If a grouse or partridge covey is sizeable, or when shooting a continual stream of pheasants, a Gun’s timing of shots will certainly be dictated by the speed of their loader. With the timing of his loader in mind, it’s important the Gun keeps looking forward to pick birds he can cope with comfortably.

Make no mistake, the operation of a good game shot and capable loader who work together regularly is like watching a well-oiled machine. Little indications reveal the degree of competence. For instance, having taken one shot when a short lull develops, the Gun and loader will change guns without a verbal or physical sign being given. End result is a fully loaded gun for the next birds to appear. In both stuffing and double gunning, a loader worth his salt will quietly act as a target spotter on drives when birds are appearing from numerous different directions.

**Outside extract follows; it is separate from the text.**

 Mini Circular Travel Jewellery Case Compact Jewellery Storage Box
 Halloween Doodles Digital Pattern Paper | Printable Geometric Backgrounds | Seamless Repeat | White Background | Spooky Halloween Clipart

Loaders as safety advisers and guides

In addition to the duties of keeping the shotgun(s) replenished with cartridges, a loader may also be required to act as a safety adviser and guide for a Gun who is unfamiliar with the layout of the land. In fact, many shooting estates will insist that a new Gun is accompanied in this way.

Loader and Gun

A loader will also act as a guide for a Gun who may be unfamiliar with the layout of the land

Coaching the Gun

  • The loader can be a valuable source of information during the day. For example, target height which the Gun is comfortable with is a given requirement, as is advice on cartridge selection for particular drives or particular species.
  • When the loader is active, the available time and the amount of movement involved when the birds start flying means he/she will be inhibited in diagnosing shooting errors with any accuracy.
  • Coaching while stuffing is somewhat easier than when double gunning. The activity and movement required from the loader in double gunning means that rarely is it possible to accurately diagnose the placement of the shot.
  • It might be possible to spot gross errors such as a Gun’s feet being in completely the wrong position when a shot’s taken, or a major mis-mount under shooting pressure, for example.
  • And always remember the golden rule of coaching: resist the temptation to offer advice if you are not qualified.